Em comunicado divulgado nesta terça-feira (24), a Warner Bros. Discovery (WBD),  que a Paramount Global apresentou uma nova oferta de compra, movimento que pode levar o grupo a reavaliar o acordo atualmente firmado com a Netflix.

A investida marca mais um capítulo de uma disputa com forte repercussão em Hollywood e na indústria de mídia dos Estados Unidos, acompanhada de perto pelo presidente Donald Trump.

Segundo o conselho de administração da WBD, “é razoável supor” que a proposta da Paramount possa evoluir para termos mais vantajosos do que aqueles estabelecidos no acordo vigente com a Netflix. A oferta foi elevada de US$ 30 para US$ 31 por ação e, ao incluir a dívida da companhia, avalia a transação em aproximadamente US$ 110 bilhões.

A Paramount também se comprometeu a assumir a multa de US$ 2,8 bilhões que a WBD teria de pagar para a Netflix caso rescinda o contrato. Além disso, prometeu indenização de US$ 7 bilhões à Warner se o negócio não for concluído por obstáculos regulatórios.
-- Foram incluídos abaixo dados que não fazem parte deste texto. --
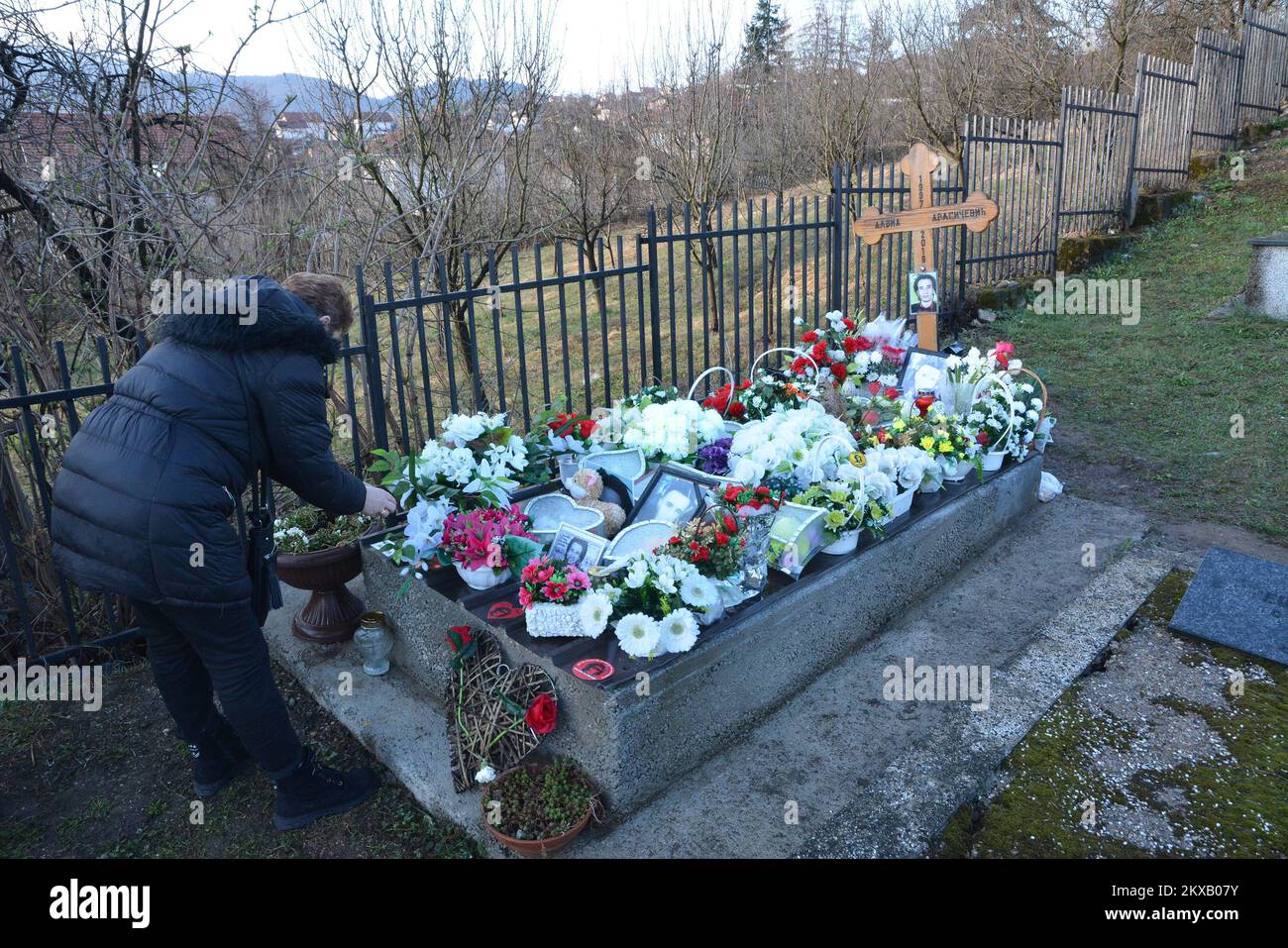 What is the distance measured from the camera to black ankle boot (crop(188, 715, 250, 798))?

Já a proposta da Netflix não contempla os ativos de televisão dos estúdios Warner Bros., como os canais CNN e Discovery, que seriam separados em uma nova empresa com ações negociadas em bolsa caso o acordo com a plataforma de streaming avance.

O conselho da WBD ressaltou que ainda não definiu se a oferta da Paramount é superior à da Netflix. Caso opte pela proposta rival, a Netflix terá um prazo de quatro dias úteis para apresentar uma contraproposta.

Mais cedo, a companhia confirmou o recebimento da nova investida da Paramount, mas reiterou que o acordo com a Netflix permanece em vigor e que, até o momento, parte dos conselheiros segue inclinada à transação com a empresa de streaming.

As conversas com a Paramount continuam. A Netflix oferece atualmente US$ 83 bilhões por uma fusão mais enxuta, embora exista a possibilidade de revisão do valor.

A Paramount é liderada por David Ellison, com financiamento majoritário de seu pai, Larry Ellison, fundador da Oracle e aliado próximo de Donald Trump, que afirmou que pretende “se envolver” em qualquer decisão relacionada à fusão.